#### AVAILABLE RECORDS:
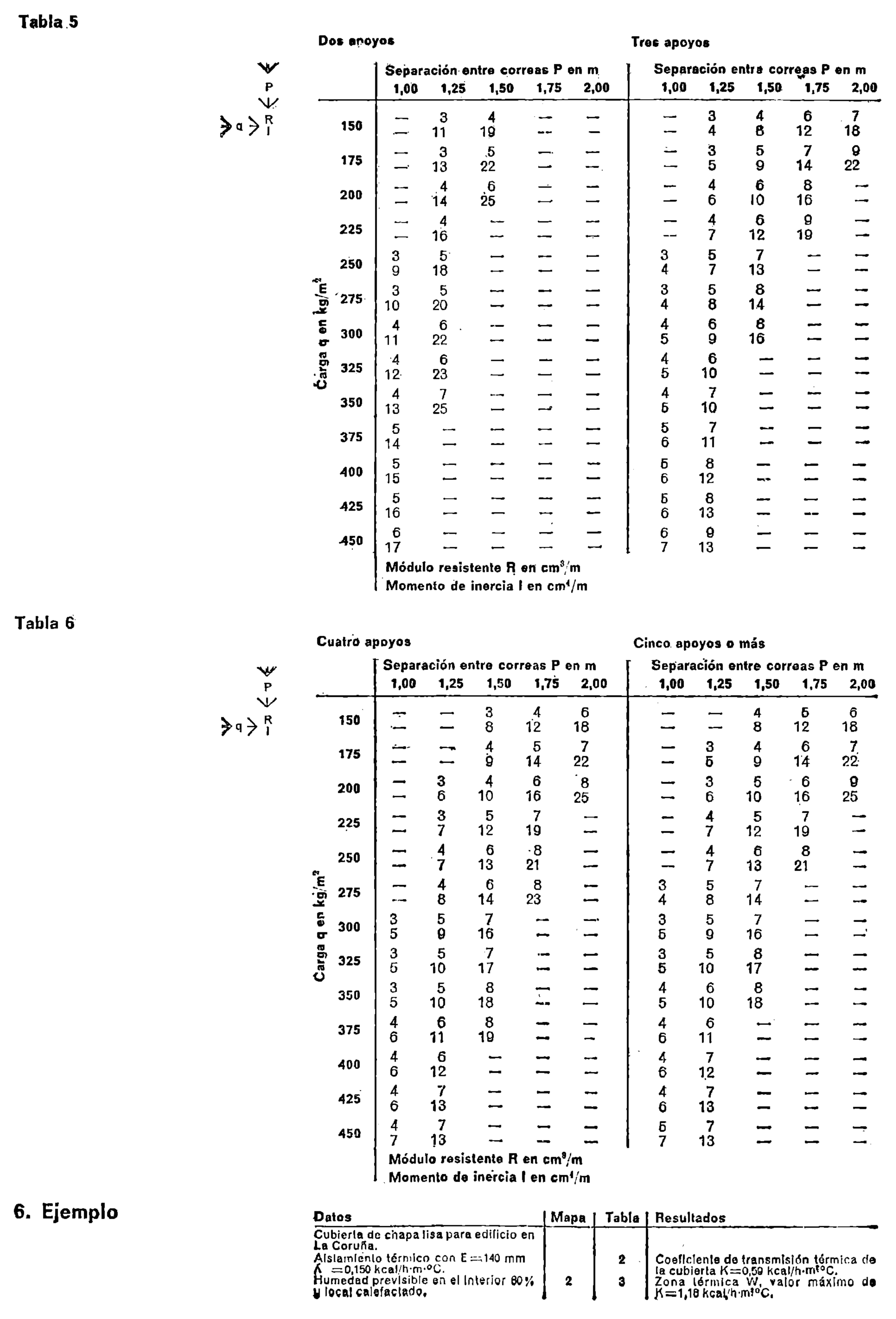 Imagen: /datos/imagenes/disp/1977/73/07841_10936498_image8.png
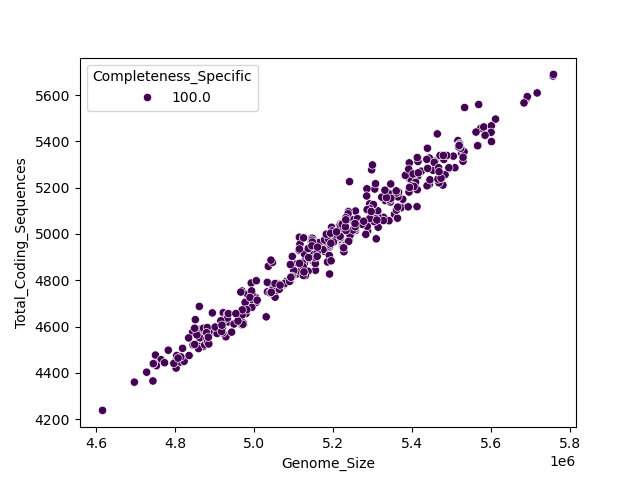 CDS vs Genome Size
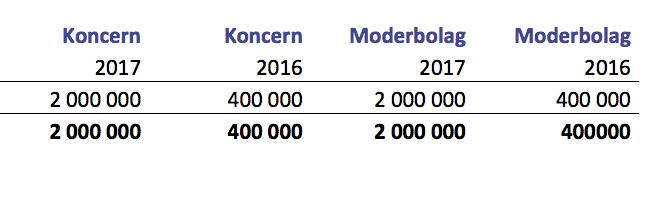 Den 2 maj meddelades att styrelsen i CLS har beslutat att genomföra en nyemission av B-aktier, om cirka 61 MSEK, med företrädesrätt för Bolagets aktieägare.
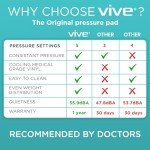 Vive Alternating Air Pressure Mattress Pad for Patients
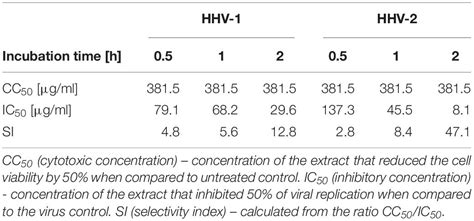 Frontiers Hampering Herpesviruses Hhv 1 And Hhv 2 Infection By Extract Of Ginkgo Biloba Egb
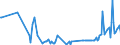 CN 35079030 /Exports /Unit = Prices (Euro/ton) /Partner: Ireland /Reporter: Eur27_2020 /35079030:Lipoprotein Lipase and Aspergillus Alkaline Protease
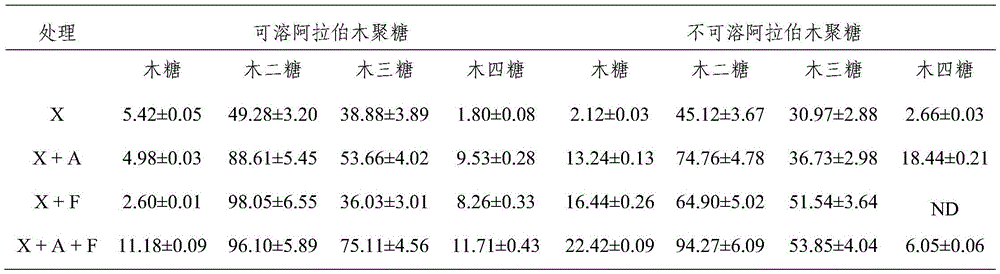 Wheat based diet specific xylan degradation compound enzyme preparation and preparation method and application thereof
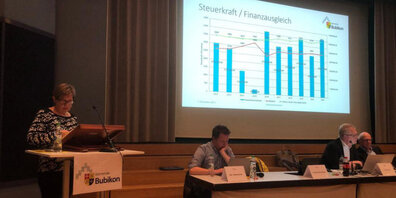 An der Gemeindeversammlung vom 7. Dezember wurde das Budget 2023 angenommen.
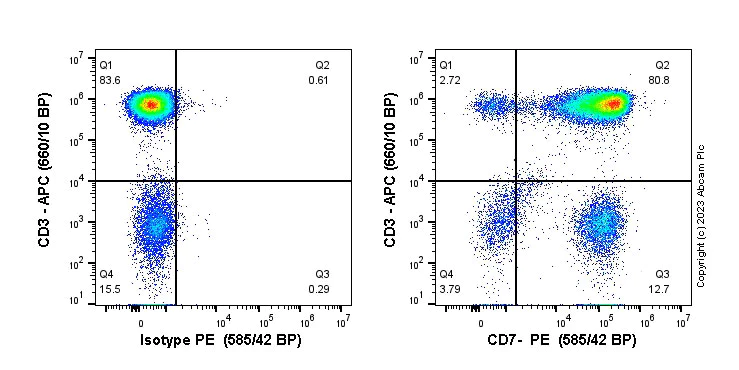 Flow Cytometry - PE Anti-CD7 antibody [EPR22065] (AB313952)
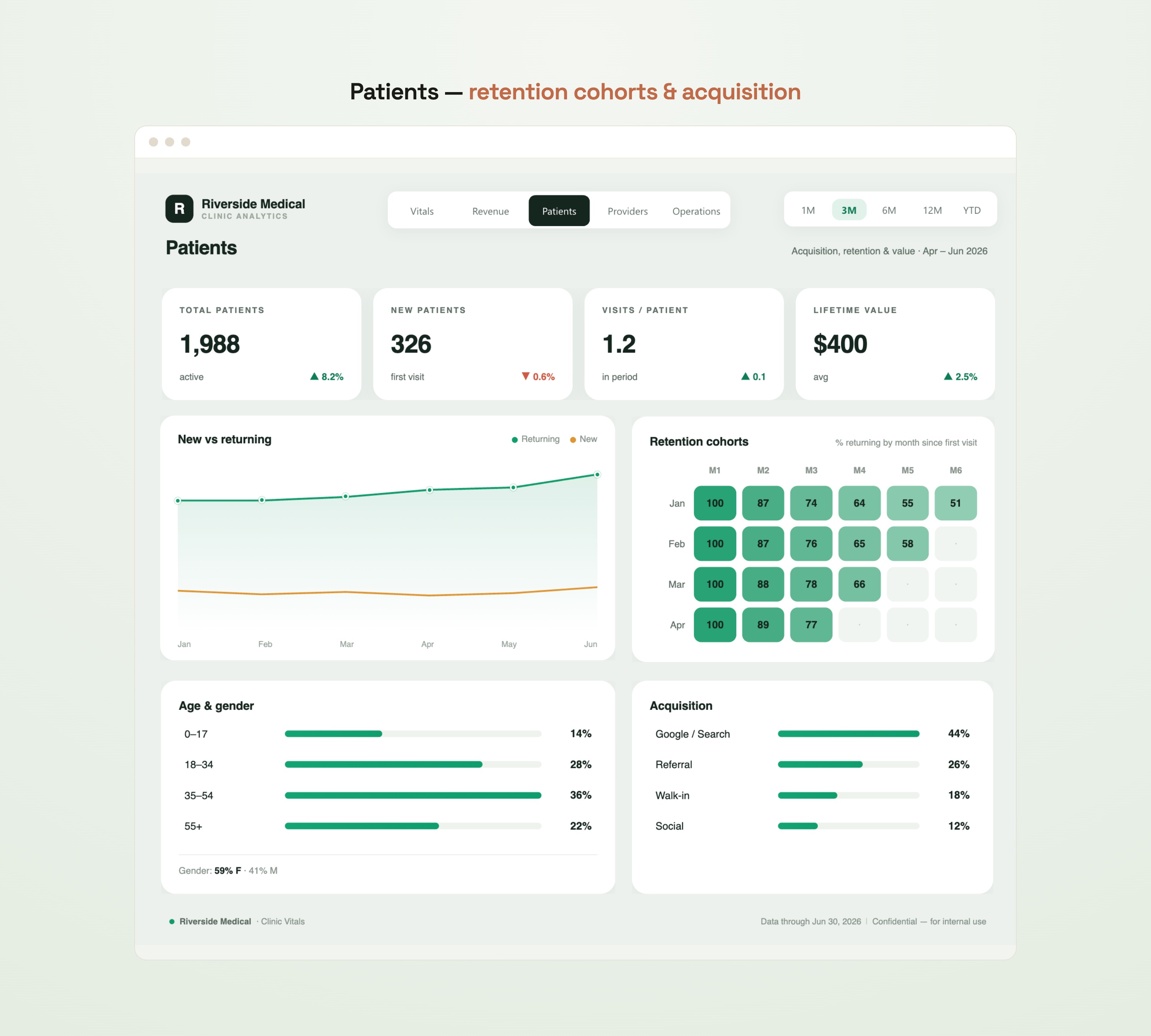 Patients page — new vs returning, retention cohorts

#### WHAT IS BEING ASKED:
Omit every picture, then repeat the remaining data exactly as it appears above.

#### RESPONSE:
 Imagen: /datos/imagenes/disp/1977/73/07841_10936498_image8.png
 CDS vs Genome Size
 Den 2 maj meddelades att styrelsen i CLS har beslutat att genomföra en nyemission av B-aktier, om cirka 61 MSEK, med företrädesrätt för Bolagets aktieägare.
 Vive Alternating Air Pressure Mattress Pad for Patients
 Frontiers Hampering Herpesviruses Hhv 1 And Hhv 2 Infection By Extract Of Ginkgo Biloba Egb
 CN 35079030 /Exports /Unit = Prices (Euro/ton) /Partner: Ireland /Reporter: Eur27_2020 /35079030:Lipoprotein Lipase and Aspergillus Alkaline Protease
 Wheat based diet specific xylan degradation compound enzyme preparation and preparation method and application thereof
 An der Gemeindeversammlung vom 7. Dezember wurde das Budget 2023 angenommen.
 Flow Cytometry - PE Anti-CD7 antibody [EPR22065] (AB313952)
 Patients page — new vs returning, retention cohorts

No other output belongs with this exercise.